TASK: Your answer must consist solely of the lines from the one containing "Schaukelsessel Rocky&#9733; Kundenbewertung" through the last line of the records below, reproduced exactly, with all pictures omitted.

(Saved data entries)

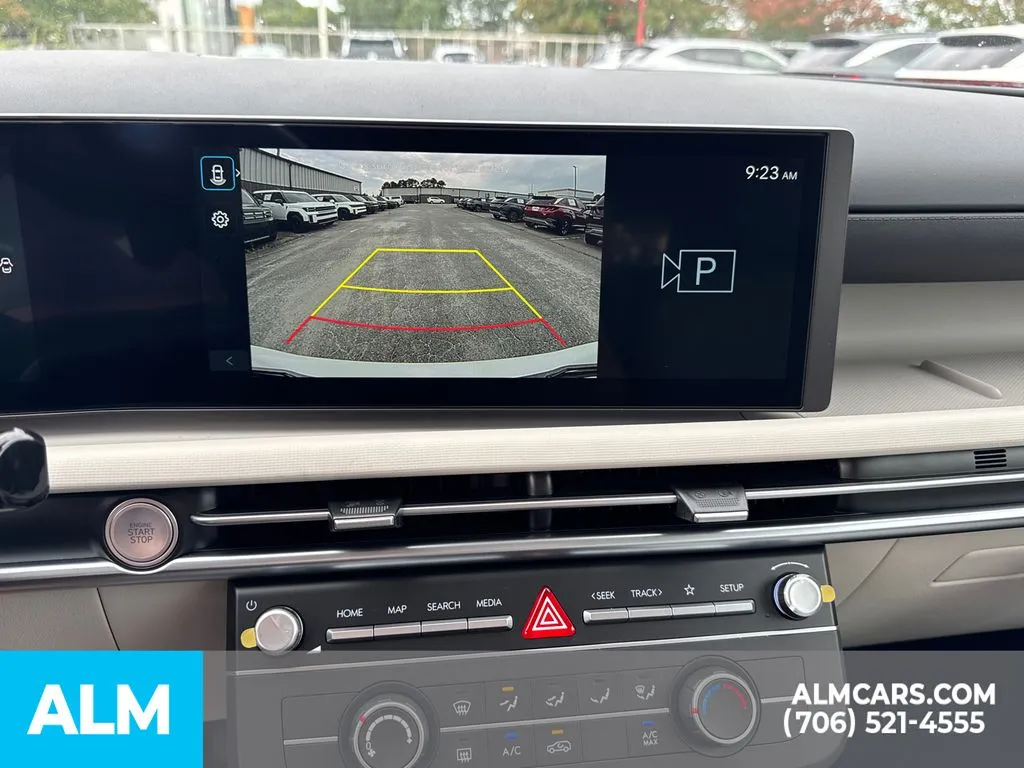 2026 Hyundai Tucson SE - Photo 21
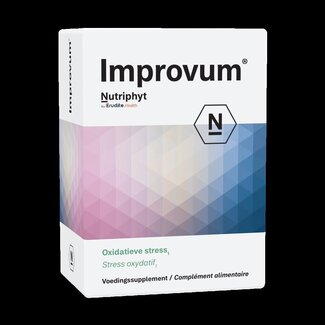 Improvum 60 Tabletten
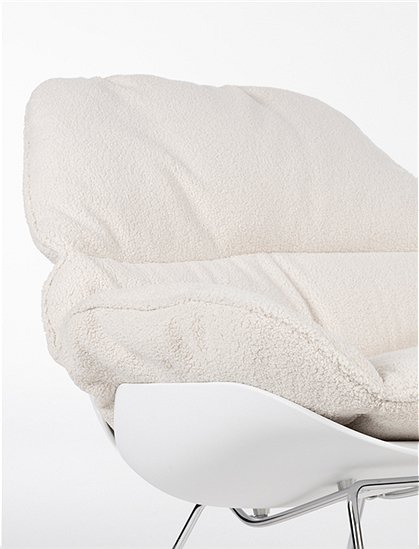 Schaukelsessel Rocky&#9733; Kundenbewertung "Sehr gut" &#9733; 10&euro; Rabatt für Neukunden &#9733; Schnell verschickt &#9733; Jetzt günstig kaufen bei car-Moebel.de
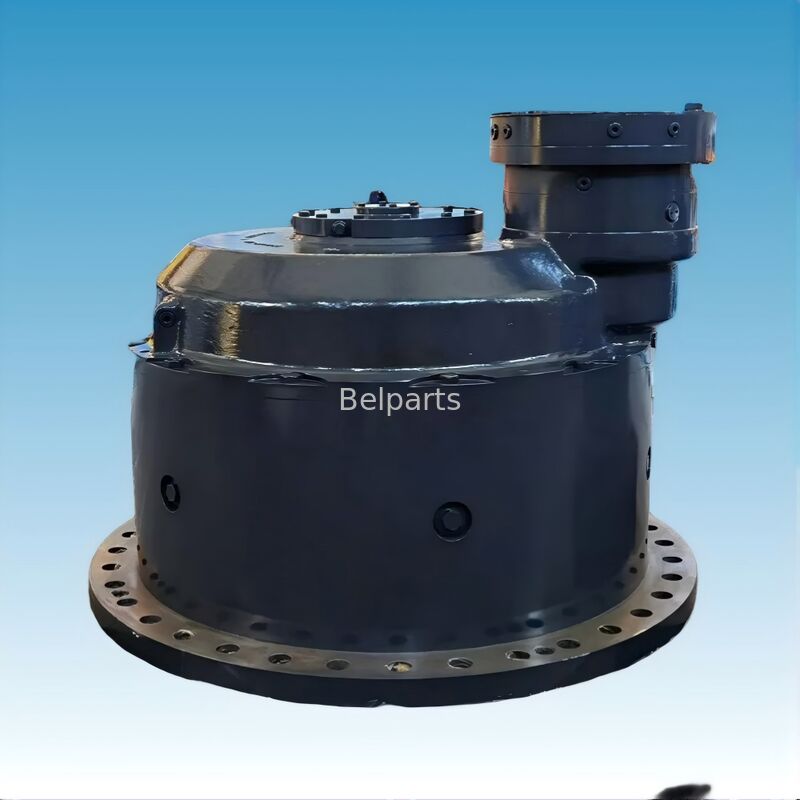 กล่องเกียร์การเดินทาง PC4000-6 PC4000-6E สําหรับ Komatsu Excavator อะไหล่ 92480040 90603140 เครื่องขับเคลื่อนสุดท้าย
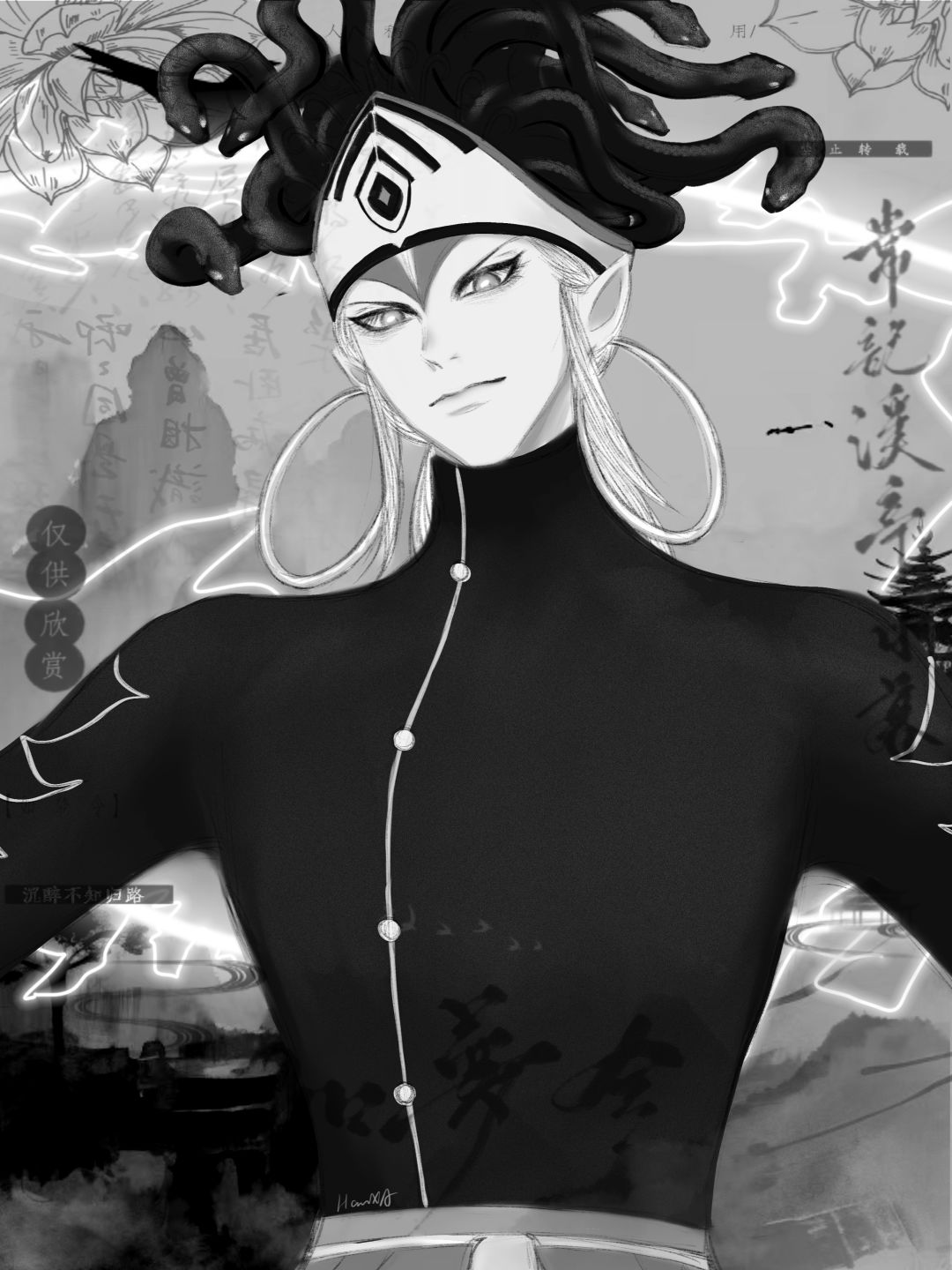 吃饭了 1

TASK OUTPUT:
 Schaukelsessel Rocky&#9733; Kundenbewertung "Sehr gut" &#9733; 10&euro; Rabatt für Neukunden &#9733; Schnell verschickt &#9733; Jetzt günstig kaufen bei car-Moebel.de
 กล่องเกียร์การเดินทาง PC4000-6 PC4000-6E สําหรับ Komatsu Excavator อะไหล่ 92480040 90603140 เครื่องขับเคลื่อนสุดท้าย
 吃饭了 1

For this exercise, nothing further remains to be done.